Soffermiamoci su quello che da Ravenna sta veleggiando verso Rapallo (in quanto più accessibile al pubblico italiano). Su un palcoscenico relativamente piccolo (rispetto a quelli di Firenze, Valencia, Aix e Salisburgo) e con un organico forzatamente ridotto nella buca d’orchestra, Nekrošius situa la complessa vicenda di amori tra dei, semidei, uomini e donne in un Medio-Evo post-moderno e visionario dove dominano il rosso e nero. Sull’intreccio aleggia un’atmosfera di violenta incomunicabilità, da cui sembra sottrarsi unicamente la coppia dei due più giovani amanti. Molto accurata la recitazione. Diligente la direzione orchestrale del polacco Jacek Kaspszyk. Tra gli interpreti spicca Johannes Von Duisburg (Wotan, il re degli dei) non soltanto per le sue doti vocali e perché lo spettacolo è incentrato sul tormentato declino delle divinità ma in quanto, unico tedesco della compagnia, ha una dizione perfetta mentre gli altri, lituani, hanno difficoltà di pronuncia.

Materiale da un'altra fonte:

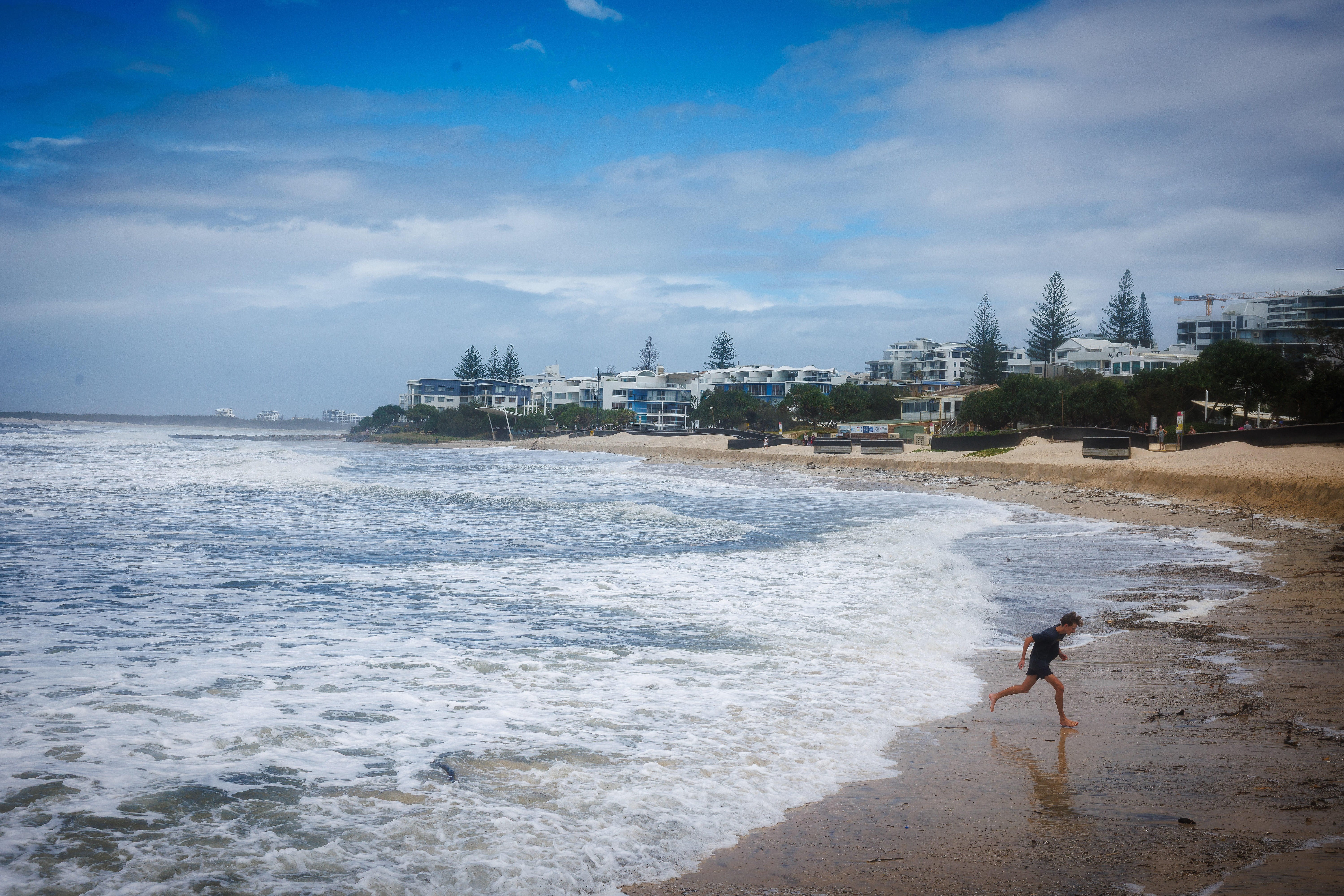 Children play at Kings Beach, Caloundra on the Sunshine Coast, north of Brisbane on 6 March 2025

Nell’impostazione di Stéphane Braunschweig (regia e scene) e di Sir Simon Rattle l’”Anello” di Aix-Salisburgo non è un mito da attualizzare facendo ricorso alla Pop-Art (come nell’edizione fiorentina), ma una vicenda di rapporti e tensioni tra individui in cui gli dei (di cui si avvicina il crepuscolo) sono più fragili degli esseri umani; l’intero intreccio si svolge in abiti contemporanei ed in interni. In breve, un’interpretazione inquietante ma tra le più intense del lavoro wagneriano viste ed ascoltate in questi ultimi anni.

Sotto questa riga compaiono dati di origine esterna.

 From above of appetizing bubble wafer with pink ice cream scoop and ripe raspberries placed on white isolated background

Sir Simon Rattle e i Berliner danno il loro meglio nel Gran Théâtre de Provence dove si è letteralmente avvolti dalla musica. Rattle ha a disposizione un organico quali previsto da Wagner (ad esempio le arpe sono davvero sei, non due come invalso nella tradizione); dilatando i tempi , accentua i colori della partitura. Meravigliosi gli ottoni ed i fiati. Con una fossa molto profonda, l’immenso organico non copre mai le voci, un grande cast internazionale, di cui si può ascoltare ogni parola ed ogni nota. Un miracolo che si ripeterà a Salisburgo.